__TASK TO CARRY OUT__
Write out the records in full, exactly as given, but without the images.

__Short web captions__

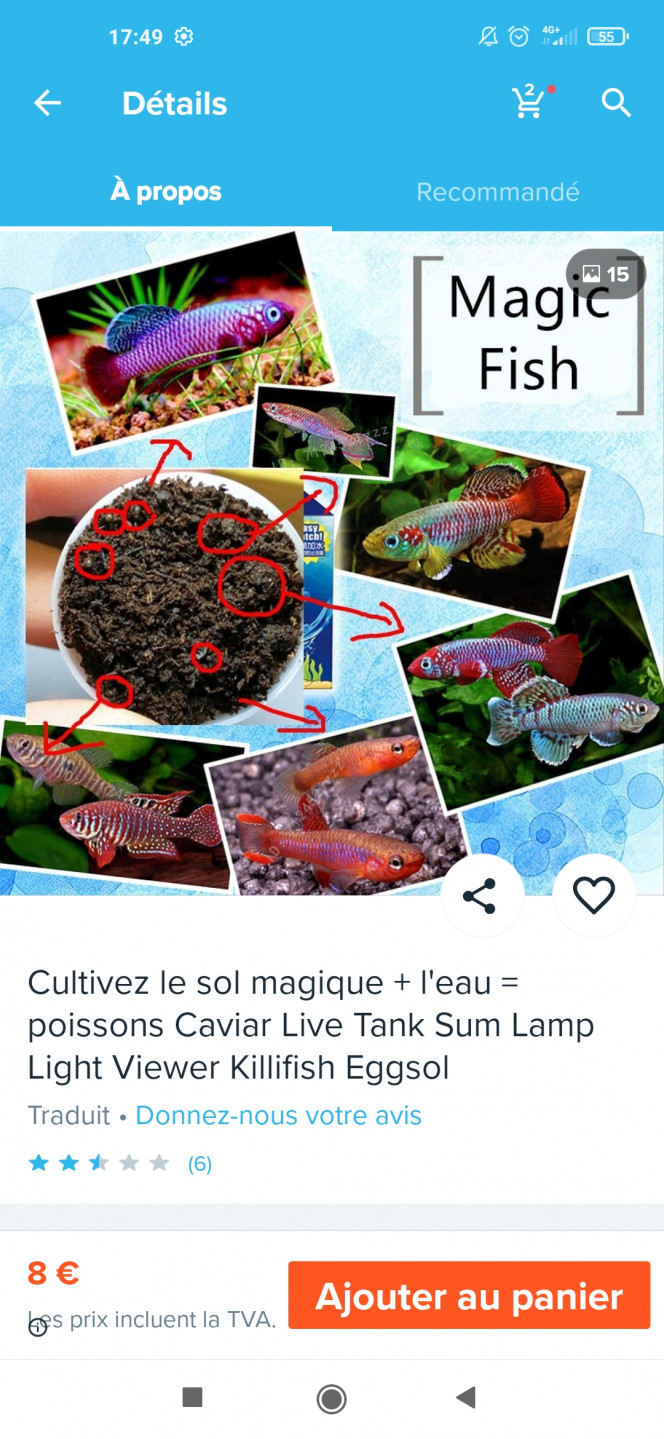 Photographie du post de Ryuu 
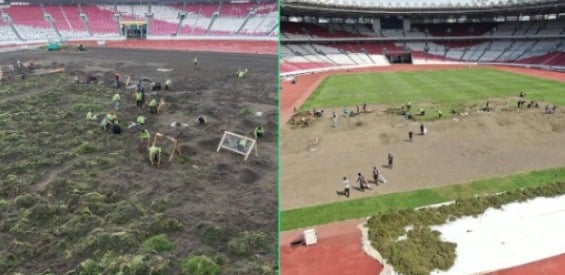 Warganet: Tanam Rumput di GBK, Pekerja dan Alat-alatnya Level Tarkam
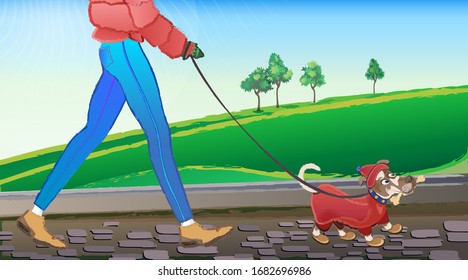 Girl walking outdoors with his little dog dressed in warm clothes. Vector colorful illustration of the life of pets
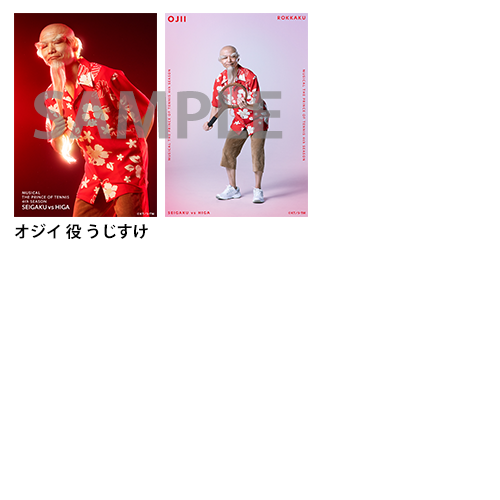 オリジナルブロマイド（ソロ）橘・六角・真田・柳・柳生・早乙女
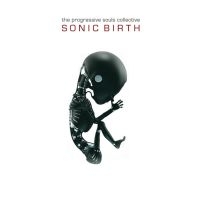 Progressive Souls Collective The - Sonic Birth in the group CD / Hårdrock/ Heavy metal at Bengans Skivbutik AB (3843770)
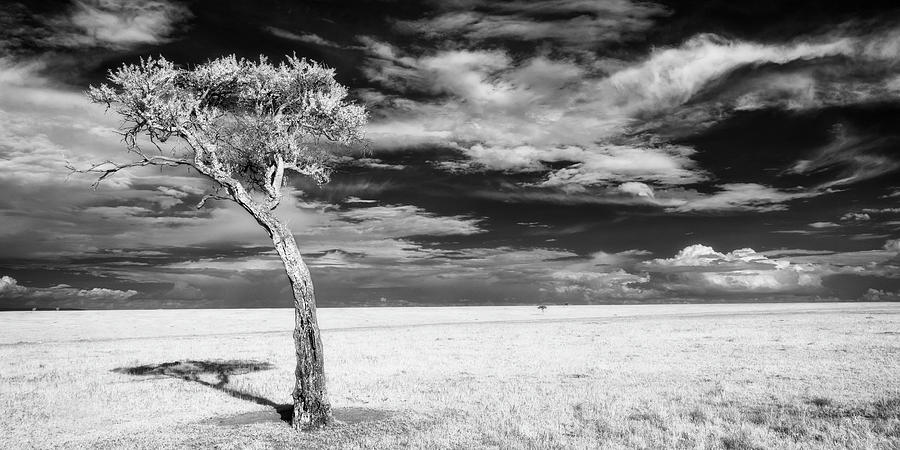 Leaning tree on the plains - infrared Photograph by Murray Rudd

__RESPONSE TO THIS EXERCISE__
 Photographie du post de Ryuu 
 Warganet: Tanam Rumput di GBK, Pekerja dan Alat-alatnya Level Tarkam
 Girl walking outdoors with his little dog dressed in warm clothes. Vector colorful illustration of the life of pets
 オリジナルブロマイド（ソロ）橘・六角・真田・柳・柳生・早乙女
 Progressive Souls Collective The - Sonic Birth in the group CD / Hårdrock/ Heavy metal at Bengans Skivbutik AB (3843770)
 Leaning tree on the plains - infrared Photograph by Murray Rudd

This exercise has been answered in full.